Substantial Gainful Activity
In order to qualify for SSDI, you must be unable to engage in what the SSA calls substantial gainful activity (SGA). The SSA puts a cap on how much money you can earn and still qualify for benefits because if you can work, then you aren’t considered disabled.
A person who earns more than a certain monthly threshold is considered to be engaging in SGA. To determine the threshold, the SSA goes by federal regulations, which factor the national average wage index into an equation to set the SGA income limit each year.

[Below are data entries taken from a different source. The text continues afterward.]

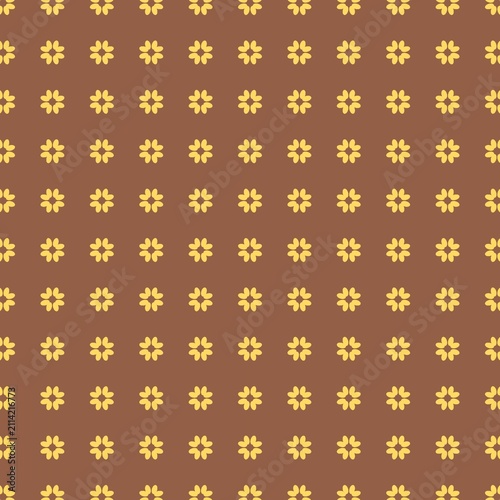 Charming Floral Pattern on Brown Background
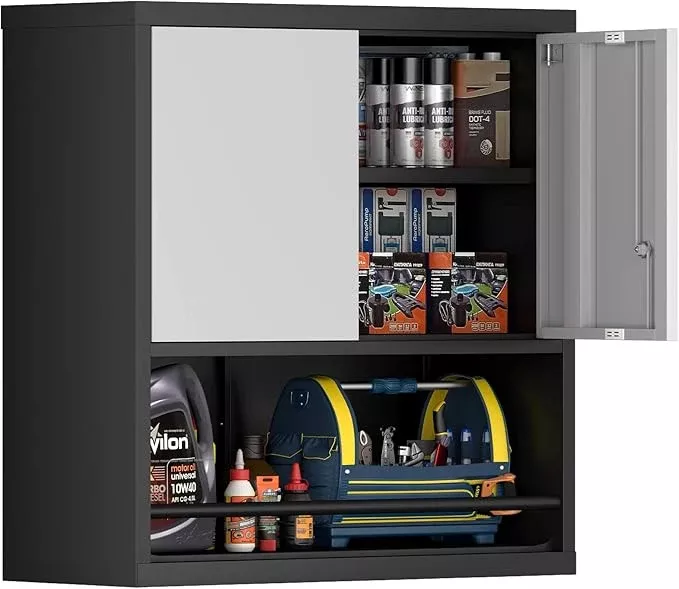 Garage Cabinets,Metal Storage Cabinet with Locking Door,Lockable Wall Mount Cabinet for Storage,Hanging Cabinets for Garage,Kitchen,Office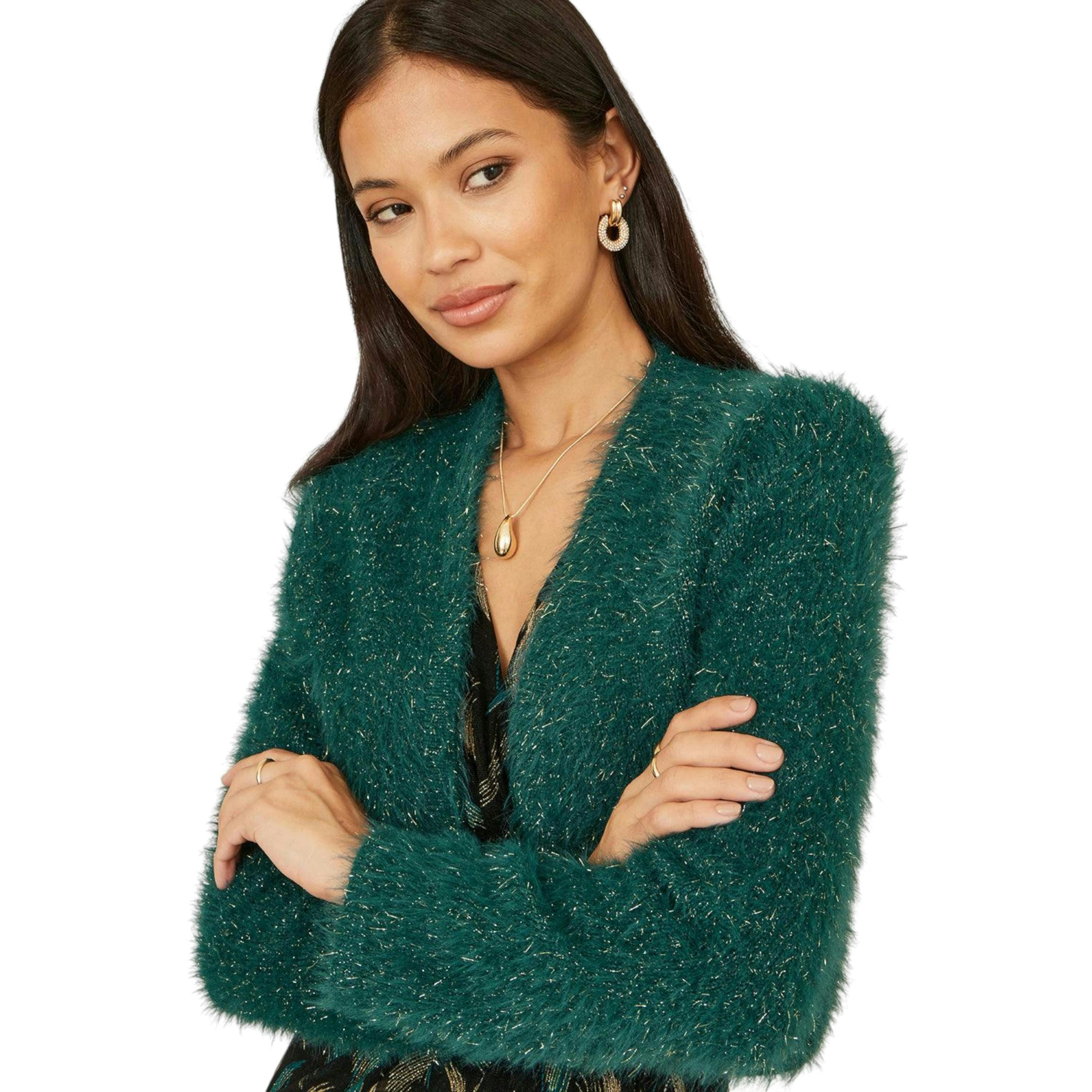 Yumi Green Metallic Fluffy Eyelash Bolero , view 1 of 5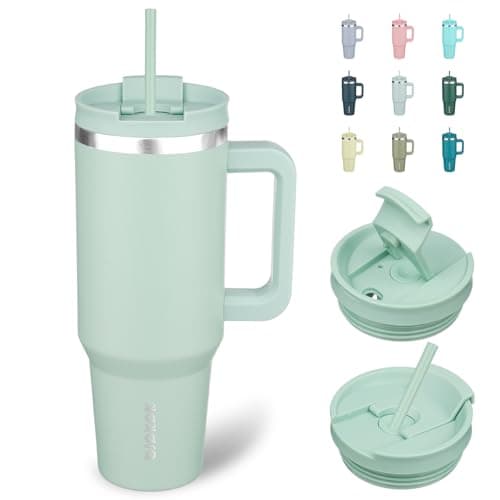 BJPKPK 40oz Stainless Steel Insulated Tumbler With Handle And Lid Straw Travel Coffee Mug Thermal Cup,Pistachio Green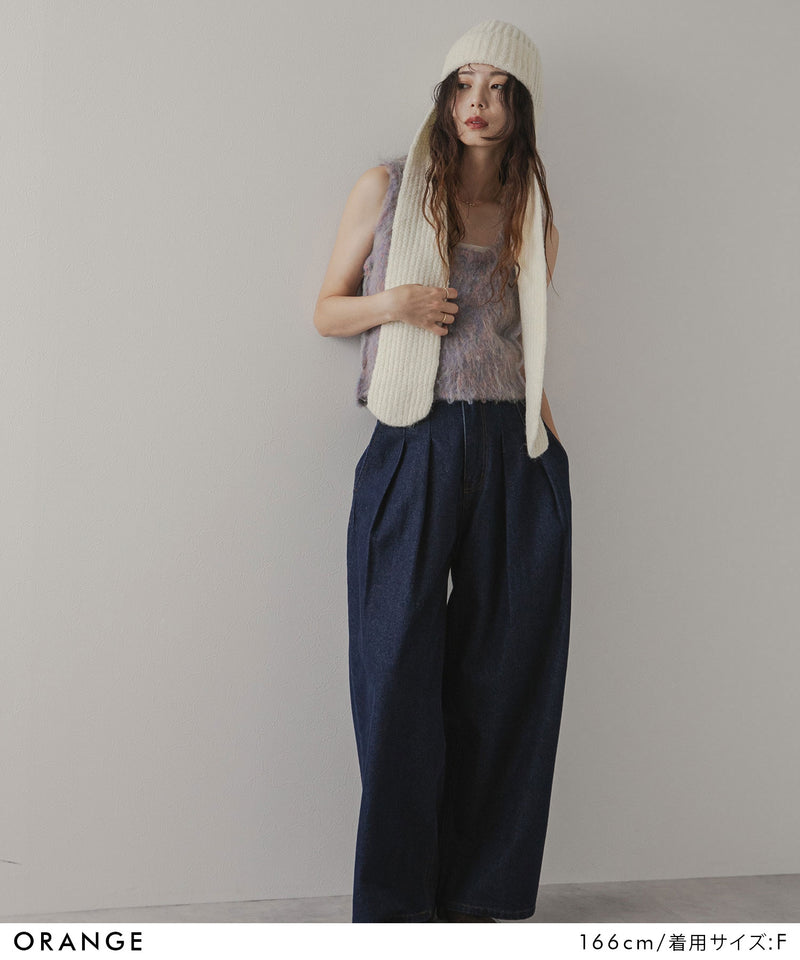 ミックスシャギーニットビスチェ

Income guidelines for Social Security disability benefits
For 2021, the SGA cap is $1,310 for non-blind disabled applicants and $2,190 for blind applicants. If you earn more than that amount, you cannot qualify for SSDI. For this type of benefit, the SSA doesn’t limit the amount of assets you can have, nor does it look at your unearned income. Unearned income includes assets such as investment income, earned interest, and your spouse’s income. None of these affect your eligibility for SSDI — only your earned income from SGA is counted.